Nicholas- Before Thea reached out to me and told me that Geneviève wanted to start the NSBE chapter I had never really even heard of NSBE before and wasn’t really in that realm where black engineers had some sort of organization where we could come and congregate and create a community for ourselves in engineering, which is already such a prominently white space. So yeah, it came about because the already small network of black students at queen’s came together over the summer because of all the traumatic experiences and the death of George Floyd and many other black people we saw happening and because we were roped into having these conversations, and that’s how I kind of got into the project.
Thea- The main reason that NSBE came to be was because there was such a lack of network within the community. The fact that Gen and I spoke on the panel back in June wasn’t because we were the most qualified to do it. It was because we were the only ones that the faculty knew and now with our network of now over 20 black engineers, we can find the most qualified person for the job. So, the story behind it really is that this came out of a necessity and it’s something that we don’t think we should’ve had to do but it was something that we ended up having to do in the end.
What is one thing you want people to know about NSBE?
Geneviève – We run one event per month, we collaborate with other universities, and we also promote all these events and opportunities on our social media. It’s @NSBE.Queens, and we also have a Facebook.
In what ways do clubs like yours help queen’s engineers?

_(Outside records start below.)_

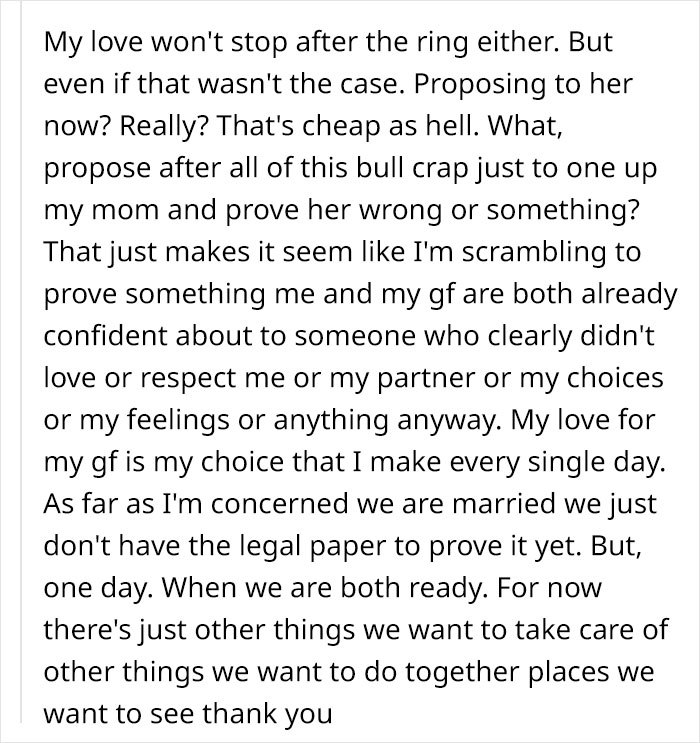 Intercambio de mensajes de texto que muestra a un hombre cortando lazos con su madre después de que ella le revela sus verdaderos colores a su novia.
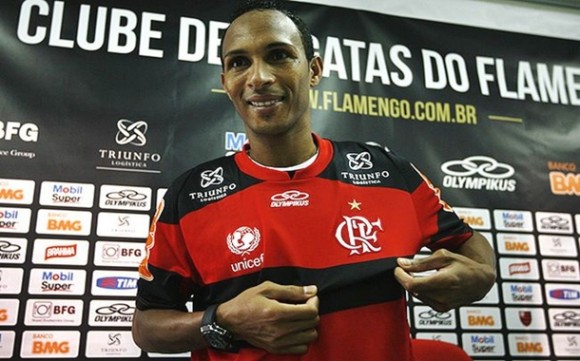 Imagem: Liédson Liédson é o novo companheiro de Vágner Love, no ataque do Flamengo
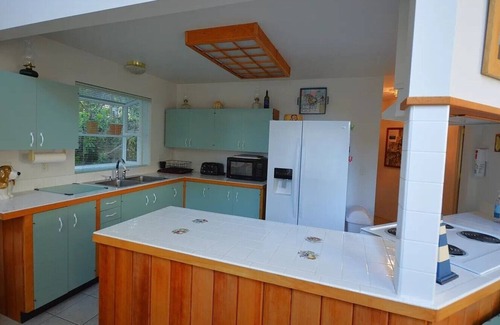 Lakeside House | The Lakehouse sleeps 5, Pet friendly, private dock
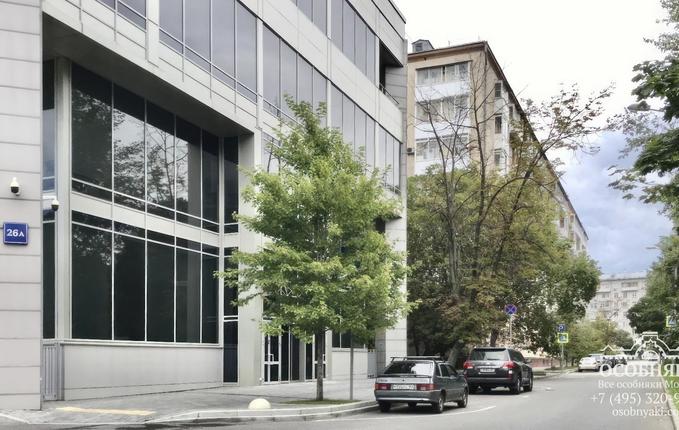 на улице Хамовнический Вал, 26, площадь 2460 м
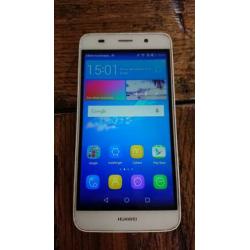 Huawei Y6 dual-sim wit krasvrij
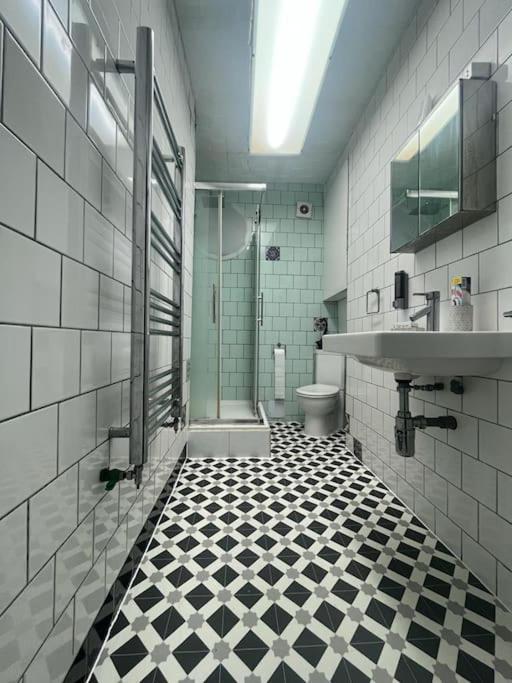 Tree Studio Apartment Barbican F3 Лондон Екстериор снимка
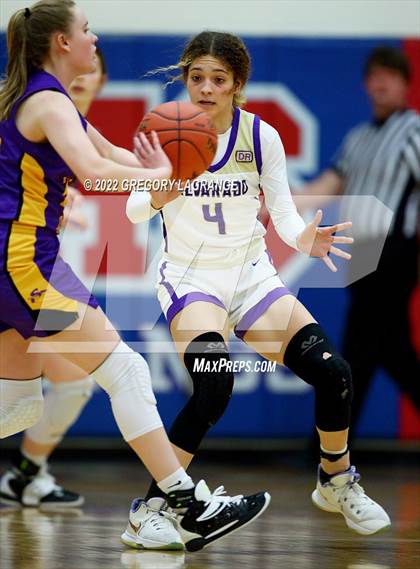 Thumbnail 1 in Sanger vs Alvarado (UIL 4A Area Playoff) photogallery.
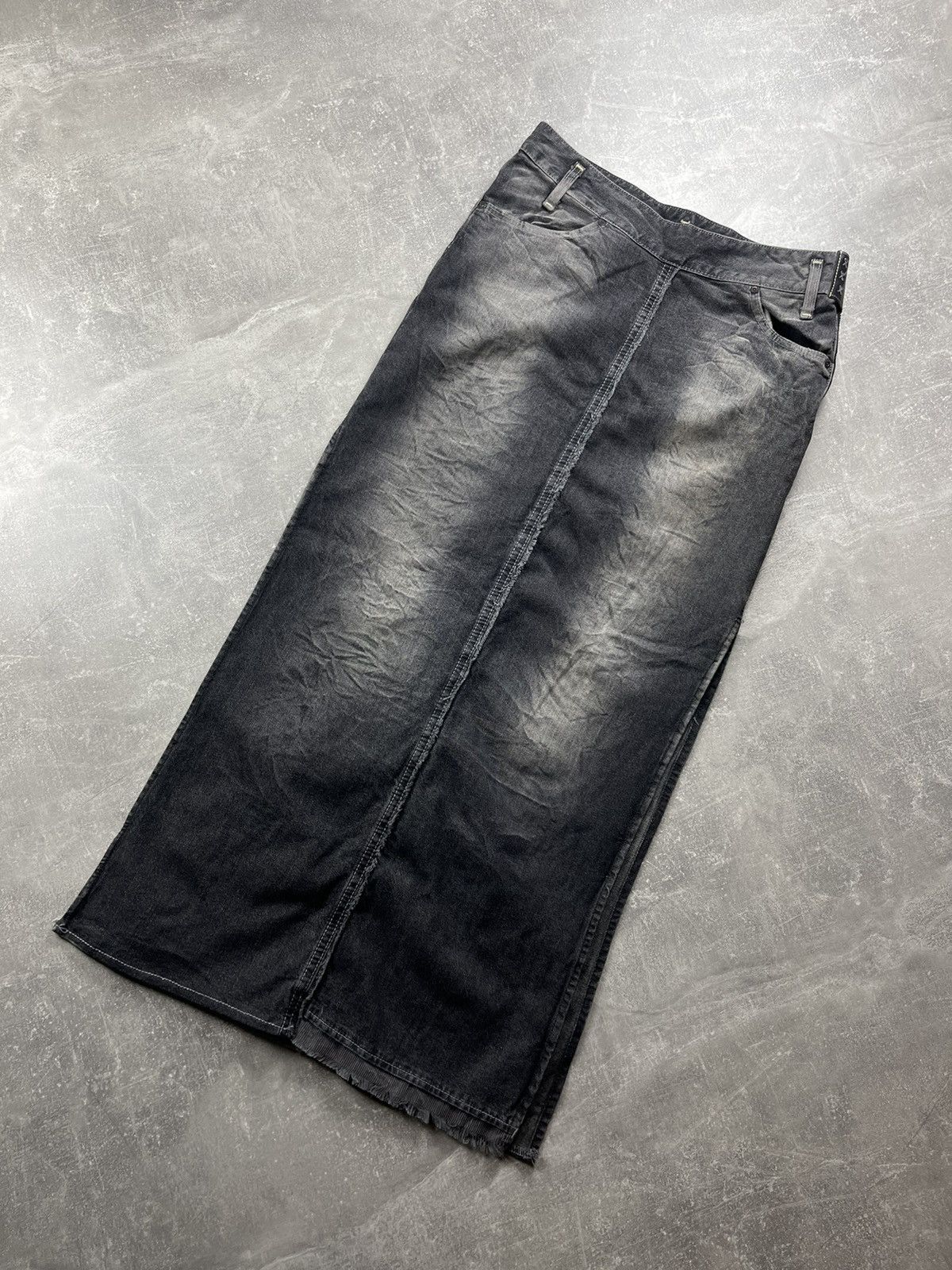 Lee Y2K Lee Black Denim Leather Details Maxi Skirt Vintage Size 32" / US 10 / IT 46 - 7 Thumbnail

Nicholas- It definitely helps queen’s engineers to focus on creating, I mean it’s really about visibility. One, we’ve created a space for black engineers at Queen’s to see that there are other students like them. And they have a space to access that support for people who look like them, which is something I know I missed a lot in 2016, coming back to Toronto and talking to people and being like “I have no black friends”. That was just kind of like the norm and I had to accept that, but it also provides a space for those outside of Queen’s eng looking in to see that there is a safe space for them. And queen’s engineering is a possibility for them because before, when we didn’t have this network and weren’t so visible, I’m sure black students looking at Queen’s eng were like “this isn’t a place where I could safely study because I don’t see anyone who looks like me and I don’t see any profs who look like me so who could I come to for support?”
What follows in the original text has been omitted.